Ulica była rewitalizowana kilka lat temu. Teraz okazało się, że brakuje miejsc parkingowych. Cztery stare drzewa mają ustąpić miejsca samochodom.
Wiceprezydent Słupska Marek Biernacki podkreśla, że ostateczna decyzja, w sprawie przesadzenia drzew, jeszcze nie zapadła, ale miejsca dla samochodów, wyładowujących towar dla sklepów, muszą powstać na alei Wojska Polskiego.
– W strefie zamieszkania muszą być wyznaczone miejsca parkingowe. Niestety teraz jest tak, że dostawcze samochody rozjeżdżają nam deptak. Chcemy tego uniknąć i stąd potrzeba wyznaczenia kilku miejsc na całej długości Wojska Polskiego. Rozważamy przesadzenie drzew. Oczywiście wybierzemy te w najgorszej kondycji, bo rzeczywiście nie ma gwarancji stuprocentowej, że się w nowym miejscu przyjmą – dodaje wiceprezydent Biernacki.
Fot. Radio Gdańsk/Przemysław Woś
„NIE PRZESADZA SIĘ STARYCH DRZEW”
Miejski radny Jerzy Mazurek uważa, że pomysł jest niepotrzebny i szkodliwy.
– W mieście co jakiś czas pojawiają się złe lub szkodliwe pomysły drogowe. Chciałbym, żeby rządzący miastem skupili się na modernizacji dróg. Przesadzanie drzew, to bardzo kosztowny proces, poza tym, nie przesadza się starych drzew – tłumaczy.

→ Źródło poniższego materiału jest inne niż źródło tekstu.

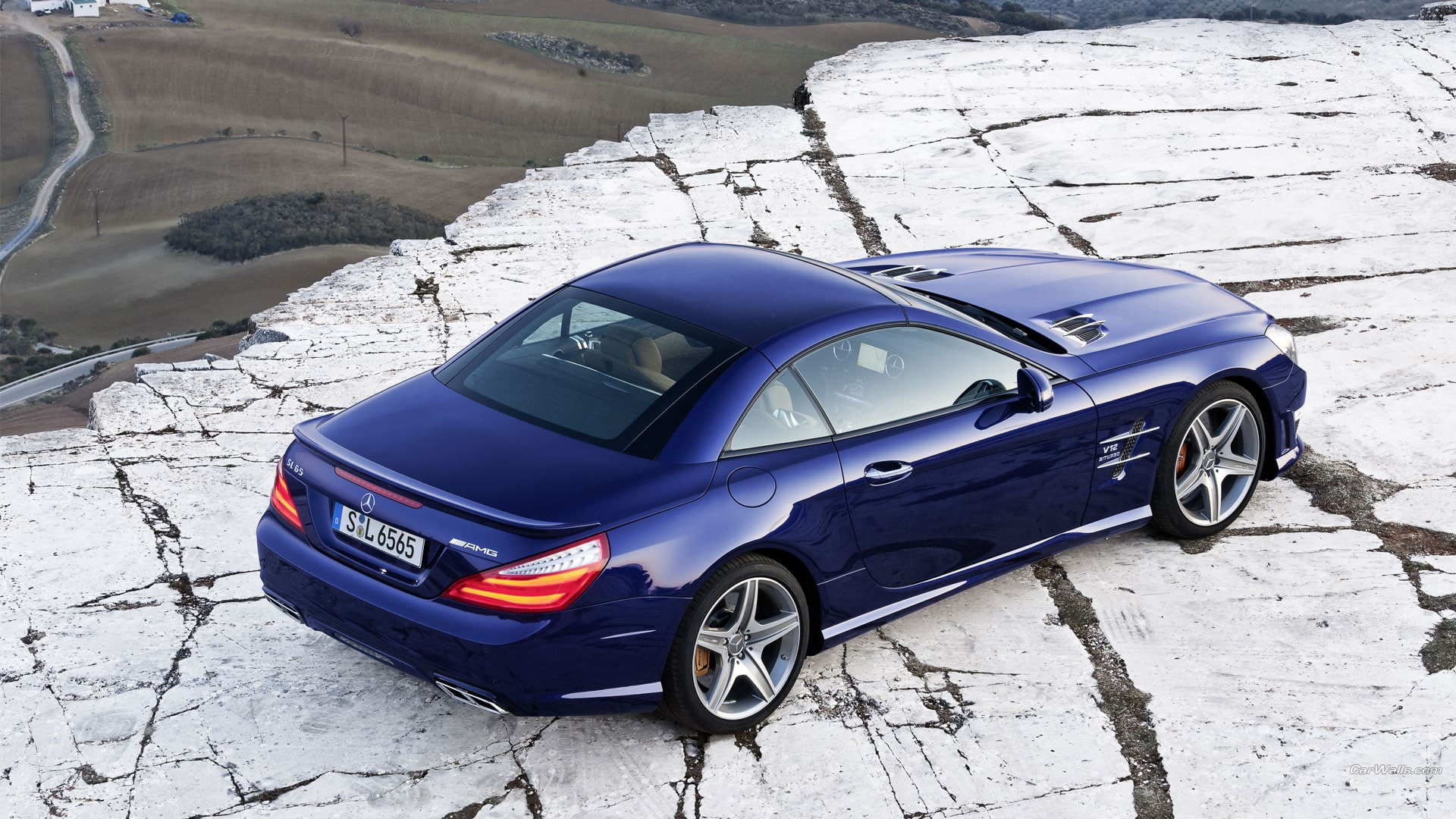 1080P, car, Mercedes SL 65 AMG, vehicle, Mercedes Benz, blue cars, HD Wallpaper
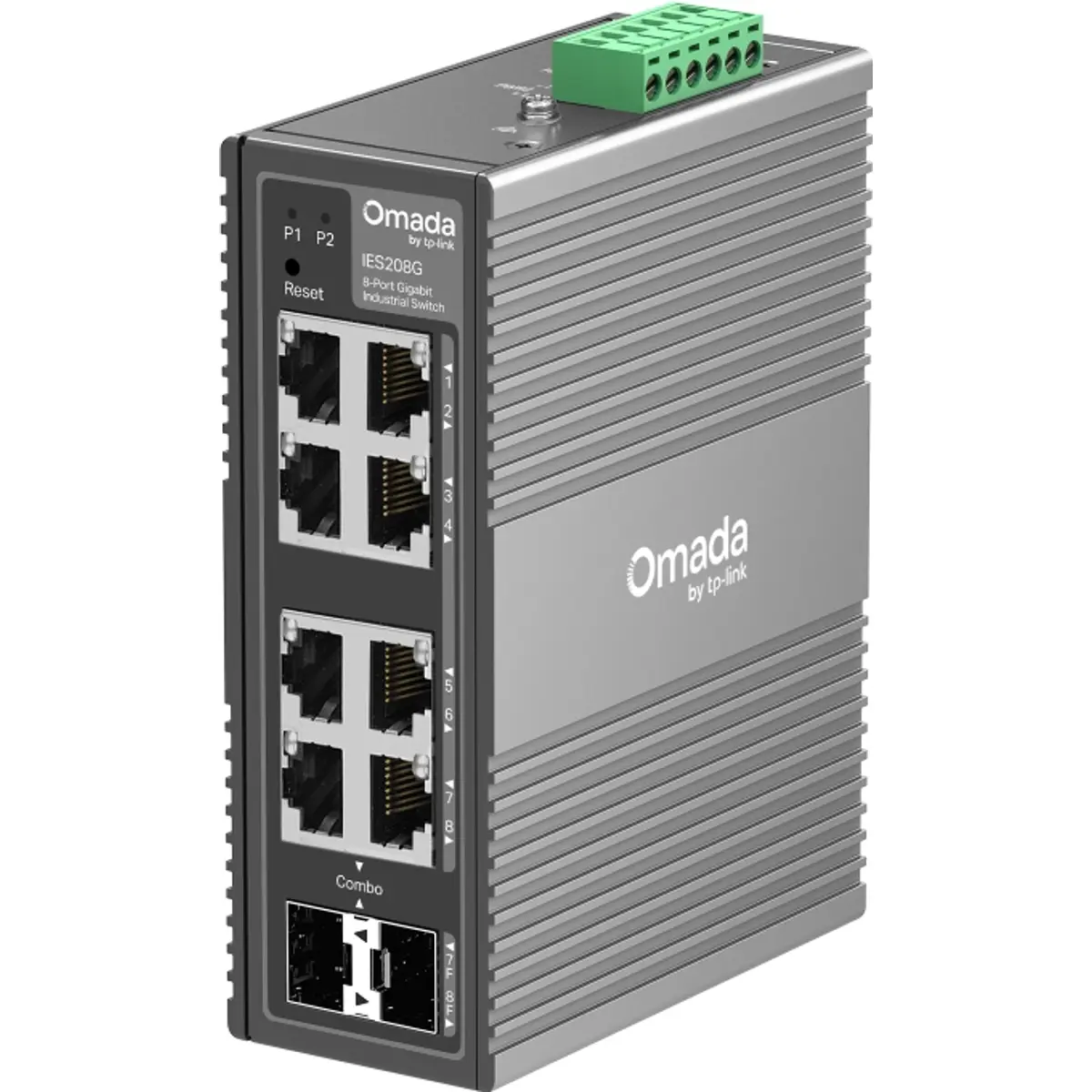Switch industrial 8P (6x RJ45 + 2x SFP Combo) Gigabit gerenciável p/ calha DIN ou parede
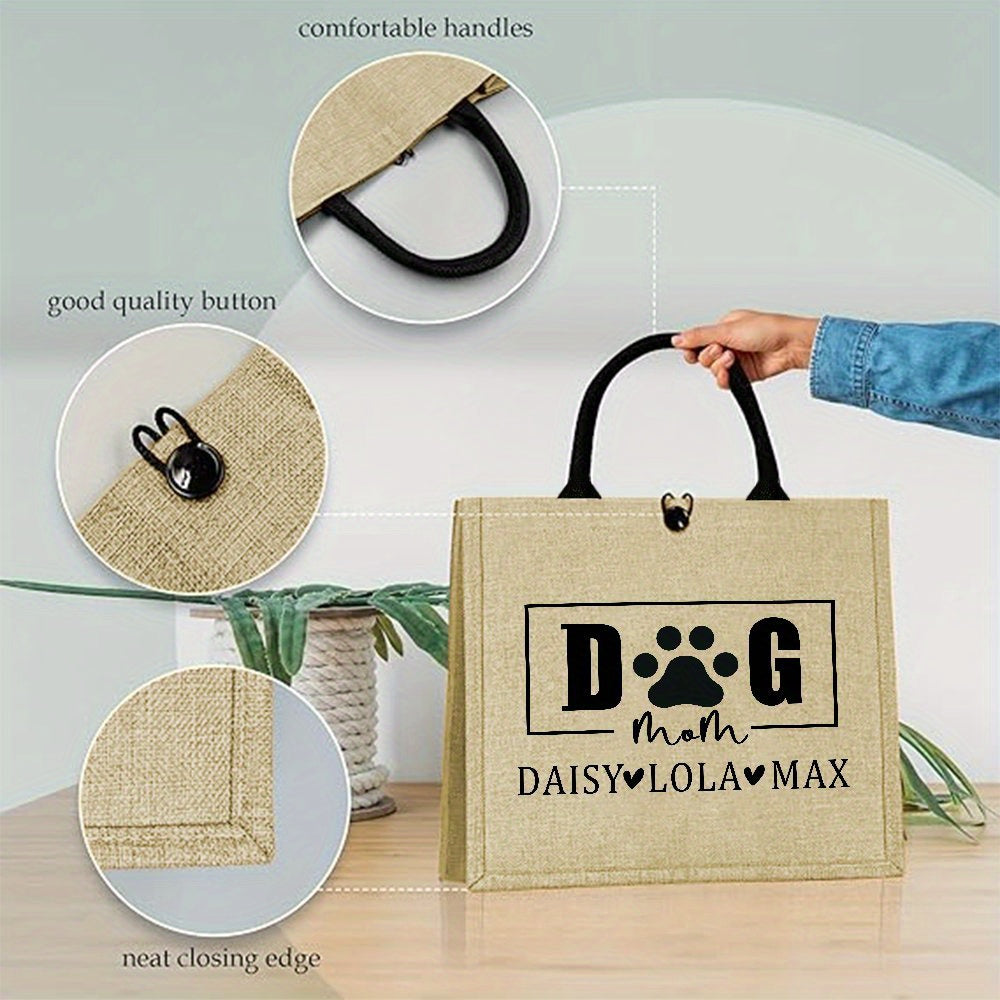 Personalized Dog Mom Tote Bag Jute Pet Lover Gift with Durable Shoulder Strap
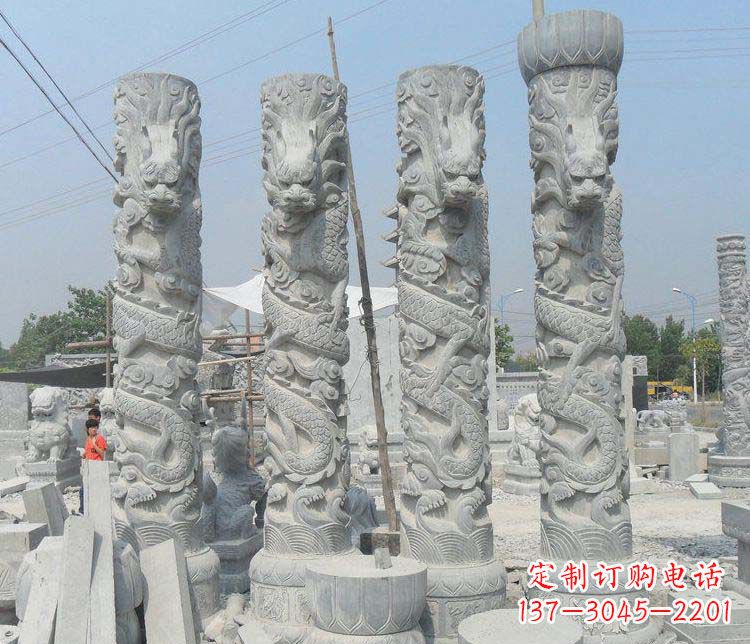 东莞广场大理石盘龙柱景观石雕 (2)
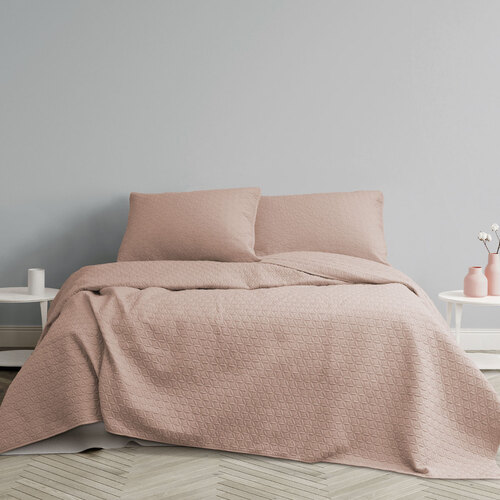 Ardor Chloe Powder Pink 3 Pcs Quilted Coverlet Set Queen/King - Main Image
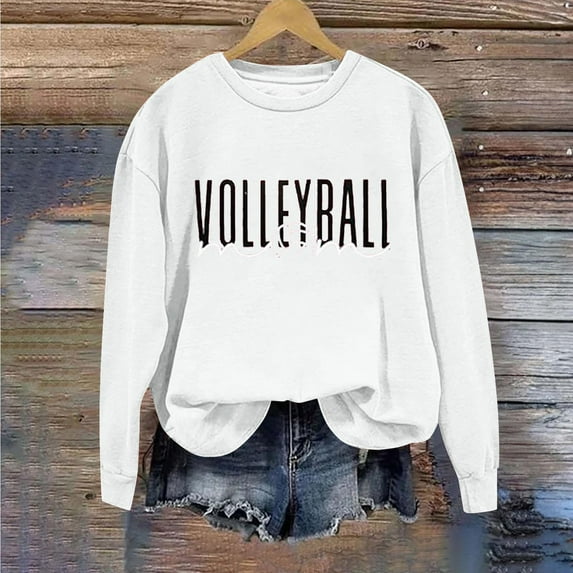 QUNYINEY Casual Sweatshirt Women Crew Neck Volleyball Mom White Long Sleeve Tops Loose Pullover Drop Shoulder Sweatshirts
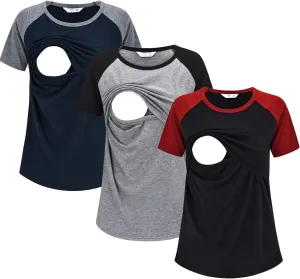 Women's Maternity Nursing Top Breastfeeding Tank Tee Shirt Raglan Double Layer Pregnancy Clothes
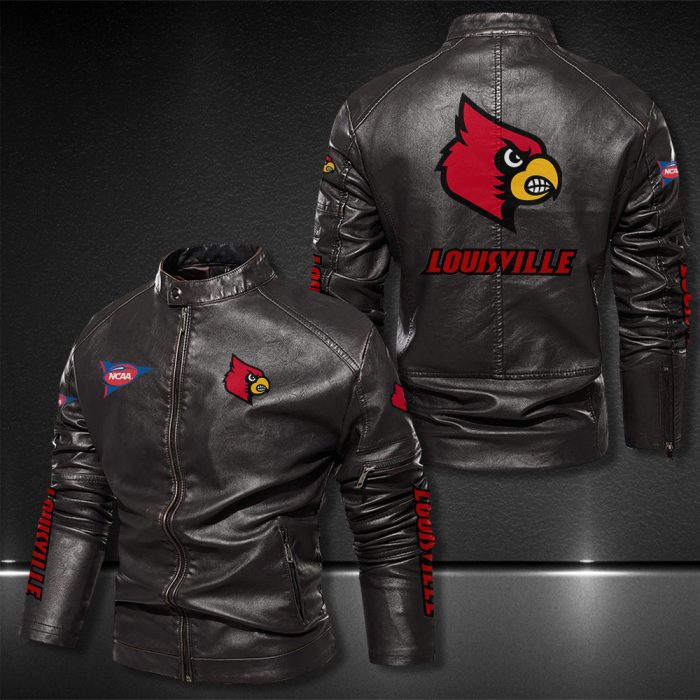 Louisville Cardinals Motor Collar Leather Jacket For Biker Racer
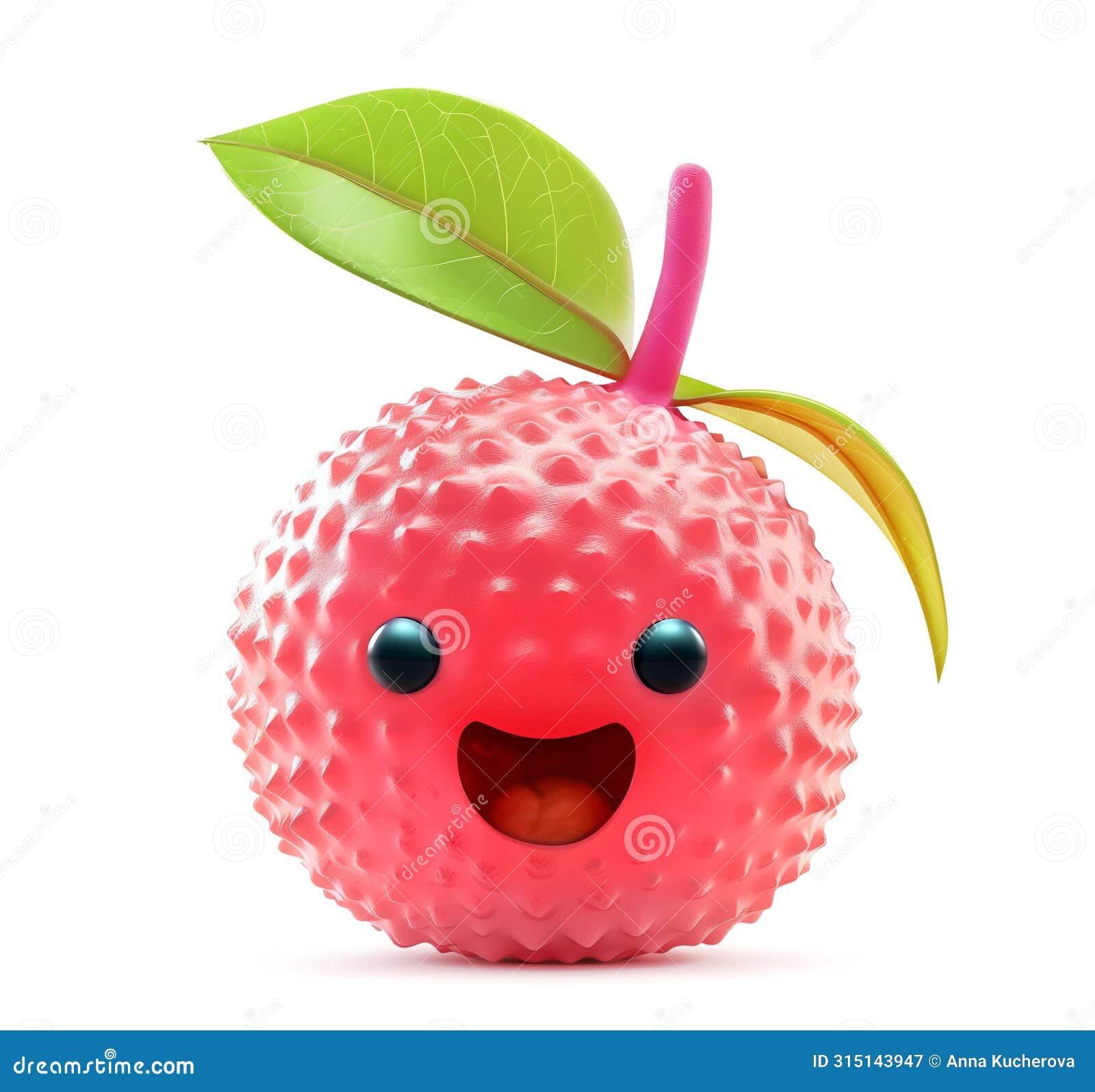 lychee character with a joyful expression and a green leaf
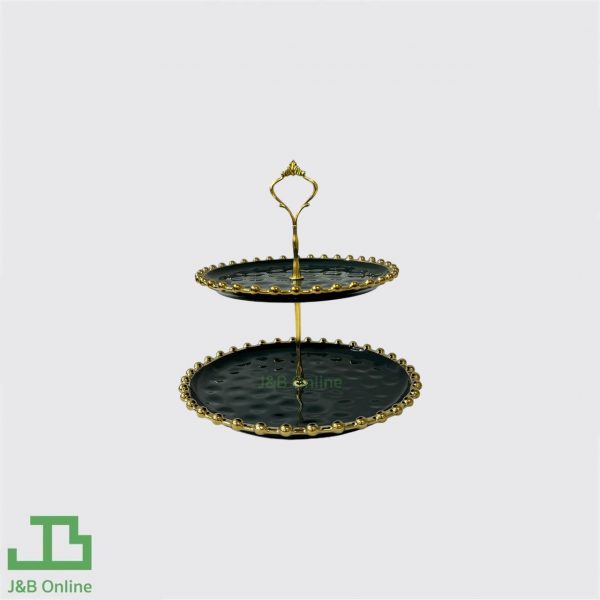 Green 2-Layer Ceramic Plate 20 and 25cm Goldfish Egg Chain Pattern SXC111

Rewitalizacja alei Wojska Polskiego kosztowała prawie 50 milionów złotych. Rzeczywiście nawierzchnia skrzyżowań i deptaka nie wytrzymuje ciężaru przejeżdżających samochodów. Z kolei prowadzący na alei Wojska Polskiego punkty handlowe narzekają, że są przepędzani i karani przez Straż Miejską, który parkują w pobliżu swoich sklepów, by wyładować towar.